Consumer prices in China accelerated to almost eight-year high in November as the African swine fever epidemic caused pork prices to rise by 110.2 per cent from a year earlier, data showed Tuesday.

The consumer price index (CPI), a key gauge of retail inflation, came in at 4.5 percent for November, up from 3.8 percent in October and the highest rate since January 2012, the National Bureau of Statistics (NBS) said.

The widespread outbreak of swine fever since August 2018 has disrupted the pork supply in China, sending the prices of other forms of protein like beef, lamb, mutton, chicken, duck and eggs rose by between 11.8 per cent and 25.7 per cent last month from November 2018.

According to a report filed by the South China Morning Post, the Ministry of Agriculture and Rural Affairs confirmed on Monday that China’s pig herd increased by 2 per cent in November compared with the previous month. This was the second consecutive month of a rise in the breeding herd inventory, with sow stocks up 4 per cent on October.

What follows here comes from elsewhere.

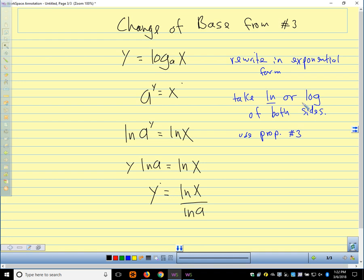Sometimes if I can't remember how the change of base formula works, I go through that little derivation to remember. That way I don't have to memorize a formula.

With China’s pig herd down by about 40 percent, authorities last week launched a plan to restore pork production to pre-swine fever levels by 2021.

China’s consumer inflation target for 2019 is around three percent.

The producer price index (PPI), an important barometer of the industrial sector that measures the cost of goods at the factory gate, showed prices fell 1.4 percent on-year in November.

The figure was slightly higher than the anticipated 1.5 percent decline in a Bloomberg News poll but nevertheless marked five consecutive months of decline, suggesting continued weakness in the world’s second-largest economy.